**WHAT THE TASK ASKS:** Since only the total is wanted, give the number of lines in the listing below that hold the string "colorful" and add nothing.

==================================================

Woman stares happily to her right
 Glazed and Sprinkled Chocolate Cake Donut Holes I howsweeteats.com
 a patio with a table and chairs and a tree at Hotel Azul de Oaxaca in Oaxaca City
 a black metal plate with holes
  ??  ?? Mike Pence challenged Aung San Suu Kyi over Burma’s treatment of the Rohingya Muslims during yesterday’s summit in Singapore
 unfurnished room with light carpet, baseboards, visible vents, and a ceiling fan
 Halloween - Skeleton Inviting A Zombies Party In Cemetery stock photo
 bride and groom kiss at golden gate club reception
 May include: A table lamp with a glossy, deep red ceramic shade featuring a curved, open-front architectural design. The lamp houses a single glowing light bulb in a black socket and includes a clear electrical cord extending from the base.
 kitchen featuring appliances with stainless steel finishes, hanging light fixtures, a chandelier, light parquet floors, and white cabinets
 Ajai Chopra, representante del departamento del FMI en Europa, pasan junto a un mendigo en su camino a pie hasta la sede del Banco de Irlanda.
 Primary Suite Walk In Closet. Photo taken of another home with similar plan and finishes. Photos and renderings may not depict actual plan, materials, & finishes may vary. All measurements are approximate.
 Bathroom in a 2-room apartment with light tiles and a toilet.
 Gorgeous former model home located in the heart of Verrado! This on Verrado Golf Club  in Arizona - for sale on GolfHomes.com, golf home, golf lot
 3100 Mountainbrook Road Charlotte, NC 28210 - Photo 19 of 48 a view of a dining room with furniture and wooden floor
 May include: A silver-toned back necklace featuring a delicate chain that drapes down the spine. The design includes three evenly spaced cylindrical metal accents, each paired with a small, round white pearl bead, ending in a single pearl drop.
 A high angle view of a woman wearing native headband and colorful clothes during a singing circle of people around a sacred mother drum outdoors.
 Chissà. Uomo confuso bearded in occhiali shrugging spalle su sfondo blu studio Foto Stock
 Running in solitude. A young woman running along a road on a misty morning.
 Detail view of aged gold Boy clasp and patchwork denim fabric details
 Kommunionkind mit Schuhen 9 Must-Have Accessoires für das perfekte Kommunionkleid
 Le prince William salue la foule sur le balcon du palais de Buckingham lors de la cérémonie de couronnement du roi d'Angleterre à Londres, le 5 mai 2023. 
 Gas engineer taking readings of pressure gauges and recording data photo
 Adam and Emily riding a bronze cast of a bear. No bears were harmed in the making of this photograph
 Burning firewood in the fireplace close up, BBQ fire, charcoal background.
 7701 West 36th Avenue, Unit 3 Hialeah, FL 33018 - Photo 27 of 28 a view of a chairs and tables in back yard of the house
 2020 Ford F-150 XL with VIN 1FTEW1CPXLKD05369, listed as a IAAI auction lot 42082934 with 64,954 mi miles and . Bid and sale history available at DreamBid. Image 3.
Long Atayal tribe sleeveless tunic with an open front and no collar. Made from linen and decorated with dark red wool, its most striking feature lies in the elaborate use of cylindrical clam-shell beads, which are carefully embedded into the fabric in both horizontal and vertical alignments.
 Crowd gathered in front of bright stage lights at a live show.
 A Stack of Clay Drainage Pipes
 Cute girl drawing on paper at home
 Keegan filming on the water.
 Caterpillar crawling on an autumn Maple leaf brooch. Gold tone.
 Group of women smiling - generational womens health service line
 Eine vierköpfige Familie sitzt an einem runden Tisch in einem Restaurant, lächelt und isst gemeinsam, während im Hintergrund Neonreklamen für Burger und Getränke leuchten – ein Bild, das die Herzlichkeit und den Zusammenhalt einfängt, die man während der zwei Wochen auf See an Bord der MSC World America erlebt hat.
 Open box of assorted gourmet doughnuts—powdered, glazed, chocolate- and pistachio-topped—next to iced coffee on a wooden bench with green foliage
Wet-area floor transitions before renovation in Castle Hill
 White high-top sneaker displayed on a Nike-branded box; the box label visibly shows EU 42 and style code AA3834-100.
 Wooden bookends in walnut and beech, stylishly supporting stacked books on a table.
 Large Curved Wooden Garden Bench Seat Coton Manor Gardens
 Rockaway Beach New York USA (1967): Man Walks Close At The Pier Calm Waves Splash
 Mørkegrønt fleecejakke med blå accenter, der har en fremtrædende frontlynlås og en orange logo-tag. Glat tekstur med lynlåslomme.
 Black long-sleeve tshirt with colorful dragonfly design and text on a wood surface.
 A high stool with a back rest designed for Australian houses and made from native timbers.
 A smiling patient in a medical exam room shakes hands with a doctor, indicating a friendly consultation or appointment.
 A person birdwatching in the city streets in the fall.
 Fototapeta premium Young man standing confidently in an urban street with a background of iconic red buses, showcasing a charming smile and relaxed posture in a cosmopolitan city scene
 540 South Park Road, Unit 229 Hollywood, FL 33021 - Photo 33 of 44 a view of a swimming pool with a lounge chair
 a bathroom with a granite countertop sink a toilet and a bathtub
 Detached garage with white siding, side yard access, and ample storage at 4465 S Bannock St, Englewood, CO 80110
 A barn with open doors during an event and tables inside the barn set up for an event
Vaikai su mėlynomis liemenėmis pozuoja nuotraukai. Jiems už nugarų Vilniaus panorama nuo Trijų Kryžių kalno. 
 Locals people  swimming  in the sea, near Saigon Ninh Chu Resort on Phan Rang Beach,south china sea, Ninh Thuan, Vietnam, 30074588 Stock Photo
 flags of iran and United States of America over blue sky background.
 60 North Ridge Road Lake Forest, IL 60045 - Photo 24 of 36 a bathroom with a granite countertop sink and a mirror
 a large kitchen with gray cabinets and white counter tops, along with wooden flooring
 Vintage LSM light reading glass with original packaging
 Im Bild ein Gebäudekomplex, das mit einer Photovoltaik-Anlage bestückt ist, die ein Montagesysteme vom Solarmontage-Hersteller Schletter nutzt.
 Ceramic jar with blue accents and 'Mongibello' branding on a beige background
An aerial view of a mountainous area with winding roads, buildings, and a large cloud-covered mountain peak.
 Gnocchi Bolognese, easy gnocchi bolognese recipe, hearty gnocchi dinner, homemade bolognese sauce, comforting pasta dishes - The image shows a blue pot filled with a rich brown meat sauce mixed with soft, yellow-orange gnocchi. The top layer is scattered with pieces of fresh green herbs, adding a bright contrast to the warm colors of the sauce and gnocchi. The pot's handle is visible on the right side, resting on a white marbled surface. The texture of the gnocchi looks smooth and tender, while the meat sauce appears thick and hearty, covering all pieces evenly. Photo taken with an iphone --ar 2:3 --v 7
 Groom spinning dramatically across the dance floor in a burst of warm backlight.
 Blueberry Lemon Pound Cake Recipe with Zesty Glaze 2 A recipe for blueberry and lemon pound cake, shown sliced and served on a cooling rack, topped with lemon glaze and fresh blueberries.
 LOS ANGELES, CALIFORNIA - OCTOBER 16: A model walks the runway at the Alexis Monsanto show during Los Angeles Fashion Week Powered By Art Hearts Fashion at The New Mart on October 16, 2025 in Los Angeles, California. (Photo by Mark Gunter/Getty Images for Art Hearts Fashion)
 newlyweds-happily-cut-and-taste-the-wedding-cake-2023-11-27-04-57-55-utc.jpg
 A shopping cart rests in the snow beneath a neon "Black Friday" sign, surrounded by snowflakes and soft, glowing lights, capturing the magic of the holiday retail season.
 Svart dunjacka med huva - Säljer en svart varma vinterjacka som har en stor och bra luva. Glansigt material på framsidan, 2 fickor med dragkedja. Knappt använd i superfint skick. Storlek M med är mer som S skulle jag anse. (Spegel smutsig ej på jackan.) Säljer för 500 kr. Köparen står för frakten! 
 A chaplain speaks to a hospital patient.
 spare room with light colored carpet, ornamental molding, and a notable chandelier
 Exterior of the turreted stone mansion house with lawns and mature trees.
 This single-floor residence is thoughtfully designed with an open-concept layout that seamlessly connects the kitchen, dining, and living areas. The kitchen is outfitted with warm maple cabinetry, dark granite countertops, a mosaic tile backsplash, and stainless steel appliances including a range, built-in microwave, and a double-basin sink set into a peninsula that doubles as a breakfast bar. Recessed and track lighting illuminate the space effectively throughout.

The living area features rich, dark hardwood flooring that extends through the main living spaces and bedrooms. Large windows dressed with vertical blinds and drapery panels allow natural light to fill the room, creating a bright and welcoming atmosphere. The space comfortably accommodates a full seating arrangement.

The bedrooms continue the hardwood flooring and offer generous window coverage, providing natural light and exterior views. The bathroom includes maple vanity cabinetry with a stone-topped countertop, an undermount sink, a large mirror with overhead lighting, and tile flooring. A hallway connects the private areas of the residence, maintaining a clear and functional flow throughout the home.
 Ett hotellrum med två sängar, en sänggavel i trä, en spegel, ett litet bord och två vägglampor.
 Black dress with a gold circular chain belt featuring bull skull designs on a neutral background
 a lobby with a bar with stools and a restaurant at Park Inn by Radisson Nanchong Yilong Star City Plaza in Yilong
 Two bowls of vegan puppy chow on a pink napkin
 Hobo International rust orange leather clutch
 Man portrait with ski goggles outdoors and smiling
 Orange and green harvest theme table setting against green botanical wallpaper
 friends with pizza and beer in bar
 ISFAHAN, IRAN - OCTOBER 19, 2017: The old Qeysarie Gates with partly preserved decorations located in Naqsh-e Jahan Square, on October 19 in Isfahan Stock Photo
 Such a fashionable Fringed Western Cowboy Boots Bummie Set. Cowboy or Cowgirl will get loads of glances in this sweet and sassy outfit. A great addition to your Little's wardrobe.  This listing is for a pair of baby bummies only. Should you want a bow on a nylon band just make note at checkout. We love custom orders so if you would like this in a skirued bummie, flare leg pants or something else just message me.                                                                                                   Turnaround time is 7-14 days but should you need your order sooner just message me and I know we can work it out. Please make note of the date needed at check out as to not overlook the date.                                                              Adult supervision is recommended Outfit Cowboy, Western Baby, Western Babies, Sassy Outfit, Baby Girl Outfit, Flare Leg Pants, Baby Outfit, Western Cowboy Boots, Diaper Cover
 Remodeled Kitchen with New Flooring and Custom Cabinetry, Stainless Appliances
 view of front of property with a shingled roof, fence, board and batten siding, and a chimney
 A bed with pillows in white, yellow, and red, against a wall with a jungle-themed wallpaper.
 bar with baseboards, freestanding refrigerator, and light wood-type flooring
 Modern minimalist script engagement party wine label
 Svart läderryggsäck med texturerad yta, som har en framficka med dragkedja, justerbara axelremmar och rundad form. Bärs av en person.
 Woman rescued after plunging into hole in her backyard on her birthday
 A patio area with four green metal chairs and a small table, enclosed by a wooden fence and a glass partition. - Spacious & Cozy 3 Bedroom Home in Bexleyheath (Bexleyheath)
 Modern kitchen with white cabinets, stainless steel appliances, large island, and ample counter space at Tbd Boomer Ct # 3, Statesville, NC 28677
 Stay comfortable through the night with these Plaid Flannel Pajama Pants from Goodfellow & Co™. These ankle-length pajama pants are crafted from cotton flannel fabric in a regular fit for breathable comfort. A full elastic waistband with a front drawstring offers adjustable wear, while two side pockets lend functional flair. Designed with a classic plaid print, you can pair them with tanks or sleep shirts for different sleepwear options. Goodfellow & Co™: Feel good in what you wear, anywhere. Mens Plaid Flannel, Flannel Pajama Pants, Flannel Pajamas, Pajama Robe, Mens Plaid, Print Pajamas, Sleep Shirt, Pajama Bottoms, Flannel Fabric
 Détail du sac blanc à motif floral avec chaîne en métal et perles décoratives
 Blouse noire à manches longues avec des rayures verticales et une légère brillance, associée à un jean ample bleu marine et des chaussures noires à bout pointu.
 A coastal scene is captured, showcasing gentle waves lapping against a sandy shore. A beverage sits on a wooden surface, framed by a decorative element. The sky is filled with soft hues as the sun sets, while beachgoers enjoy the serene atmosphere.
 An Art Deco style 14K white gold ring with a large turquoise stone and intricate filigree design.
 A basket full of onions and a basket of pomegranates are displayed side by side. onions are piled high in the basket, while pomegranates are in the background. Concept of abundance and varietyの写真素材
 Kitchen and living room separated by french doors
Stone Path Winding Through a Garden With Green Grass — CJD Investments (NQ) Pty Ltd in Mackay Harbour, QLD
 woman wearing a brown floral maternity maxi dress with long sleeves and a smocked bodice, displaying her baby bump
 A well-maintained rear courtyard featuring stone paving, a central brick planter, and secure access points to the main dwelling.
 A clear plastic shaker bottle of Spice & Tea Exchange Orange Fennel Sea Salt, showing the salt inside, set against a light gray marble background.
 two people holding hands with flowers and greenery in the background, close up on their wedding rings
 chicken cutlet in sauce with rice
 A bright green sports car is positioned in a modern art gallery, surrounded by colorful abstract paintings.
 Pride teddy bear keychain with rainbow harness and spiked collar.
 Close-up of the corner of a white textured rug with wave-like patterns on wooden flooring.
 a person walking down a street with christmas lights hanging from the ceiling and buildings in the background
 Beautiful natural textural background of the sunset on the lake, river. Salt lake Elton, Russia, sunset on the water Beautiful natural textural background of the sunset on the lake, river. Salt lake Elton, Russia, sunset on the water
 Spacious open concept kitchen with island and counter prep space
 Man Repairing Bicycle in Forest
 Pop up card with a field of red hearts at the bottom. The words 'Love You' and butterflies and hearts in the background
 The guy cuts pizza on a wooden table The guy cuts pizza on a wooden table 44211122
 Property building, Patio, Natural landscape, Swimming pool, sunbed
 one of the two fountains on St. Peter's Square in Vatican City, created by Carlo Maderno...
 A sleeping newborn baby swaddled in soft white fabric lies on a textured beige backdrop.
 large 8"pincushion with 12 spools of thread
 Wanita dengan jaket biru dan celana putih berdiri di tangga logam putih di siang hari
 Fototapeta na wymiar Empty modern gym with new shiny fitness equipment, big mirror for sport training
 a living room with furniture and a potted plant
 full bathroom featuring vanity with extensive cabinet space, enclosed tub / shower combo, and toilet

==================================================

**SOLVED EXERCISE:** 3